▶ Instructions to follow
In this exercise, return only the lines that run from the line with "Native American Culture" to the end of the entries below, both included. Pictures are not copied.

▶ Records provided
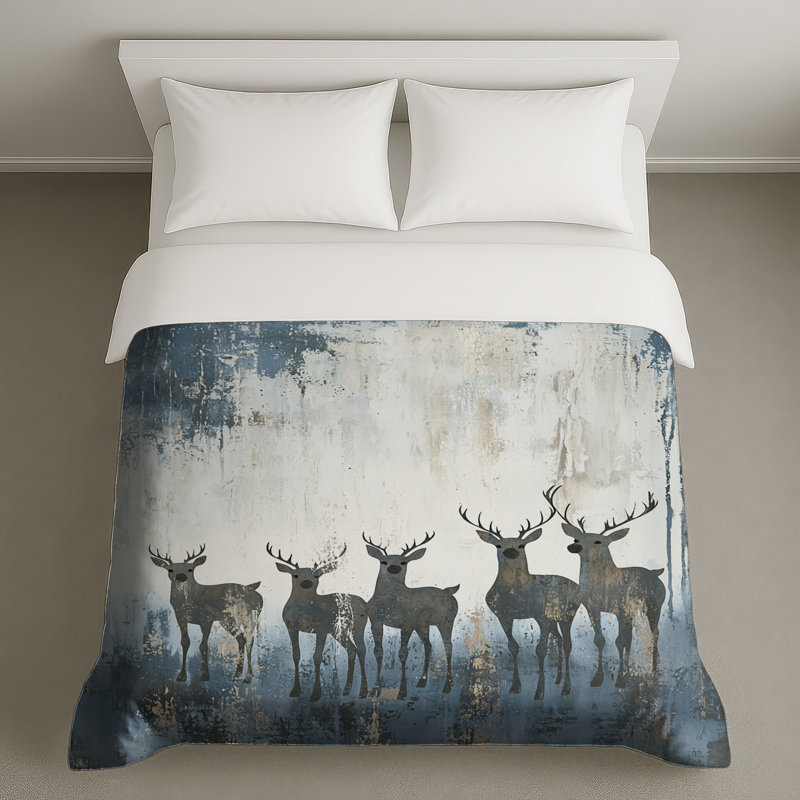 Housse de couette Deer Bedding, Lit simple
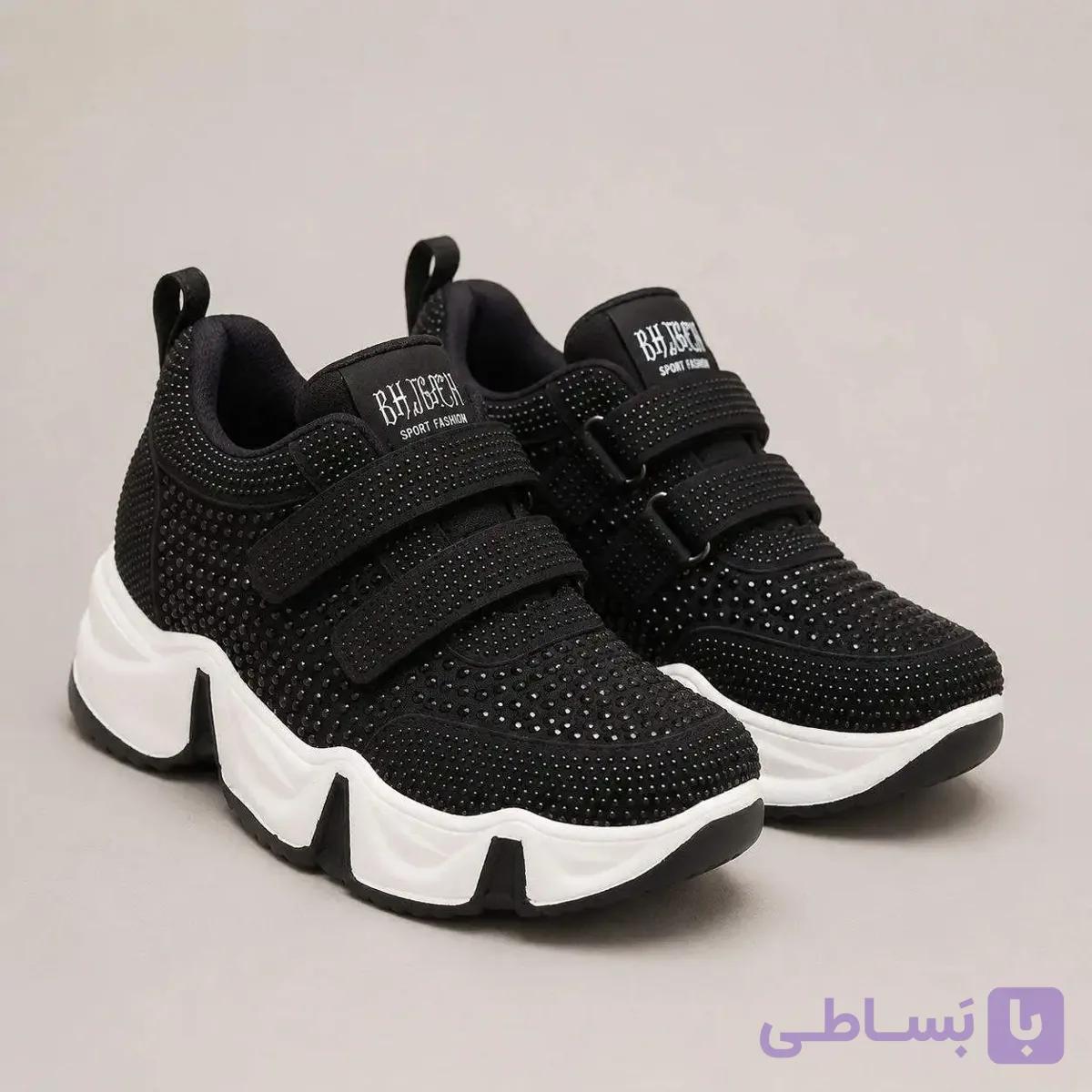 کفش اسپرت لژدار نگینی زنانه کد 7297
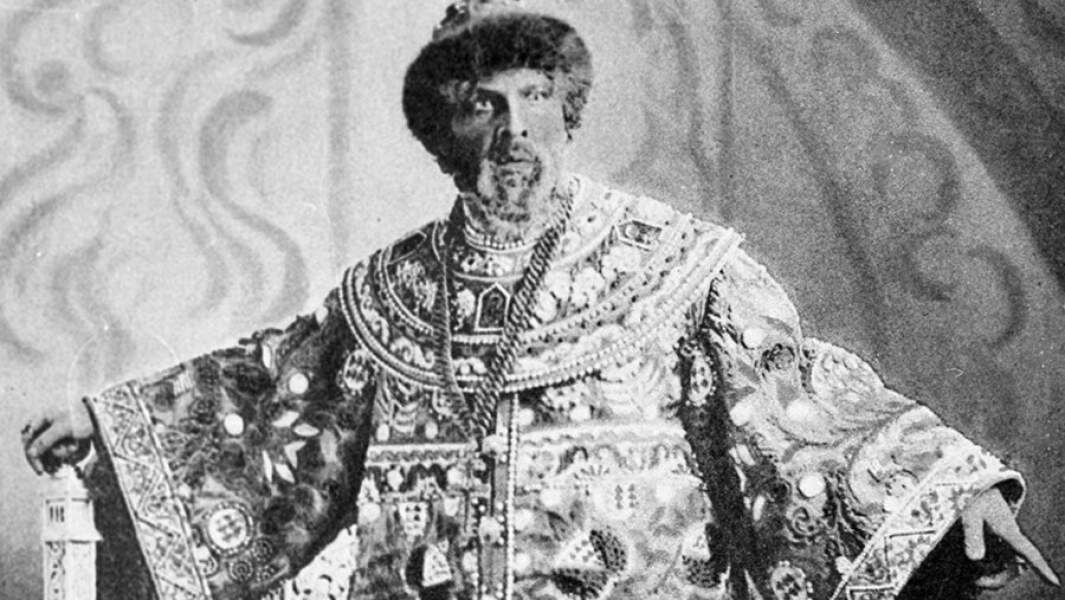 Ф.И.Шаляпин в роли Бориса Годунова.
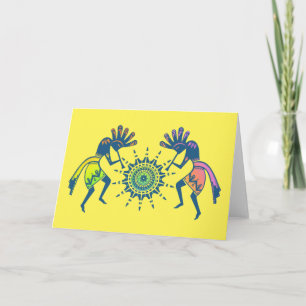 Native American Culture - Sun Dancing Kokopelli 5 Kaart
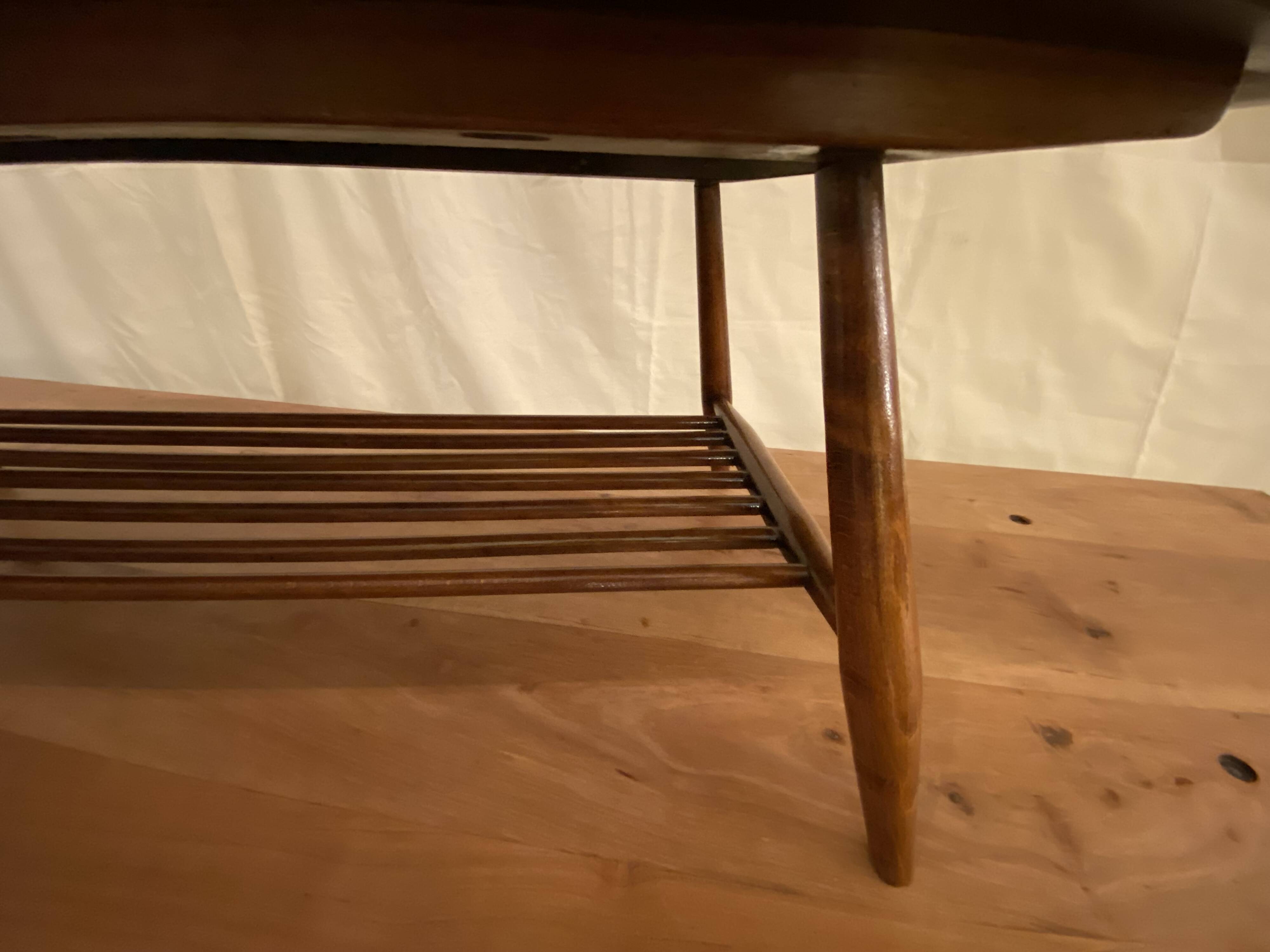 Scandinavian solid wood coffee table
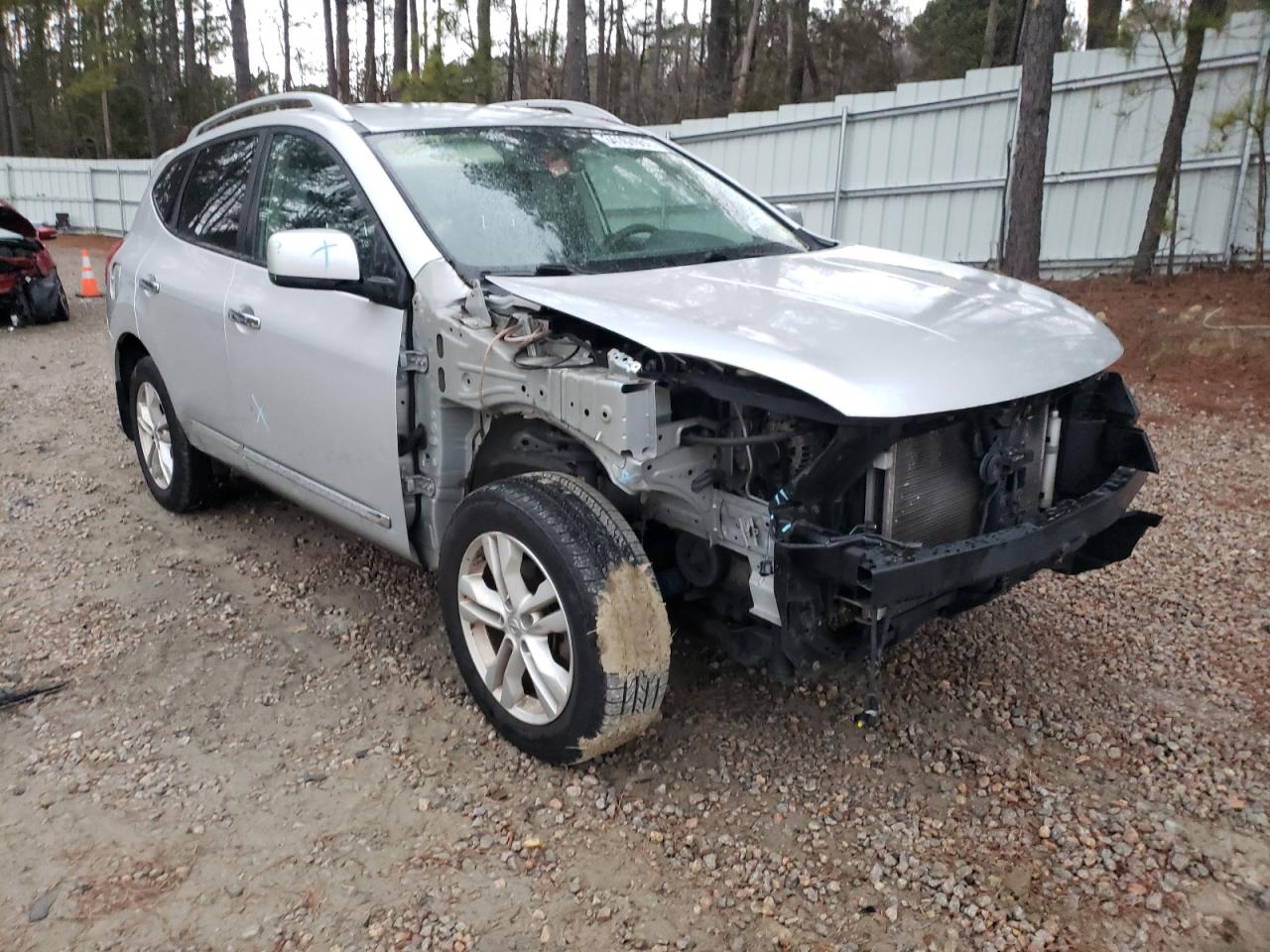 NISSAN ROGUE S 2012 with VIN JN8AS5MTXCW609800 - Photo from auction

▶ Output of the task
 Native American Culture - Sun Dancing Kokopelli 5 Kaart
 Scandinavian solid wood coffee table
 NISSAN ROGUE S 2012 with VIN JN8AS5MTXCW609800 - Photo from auction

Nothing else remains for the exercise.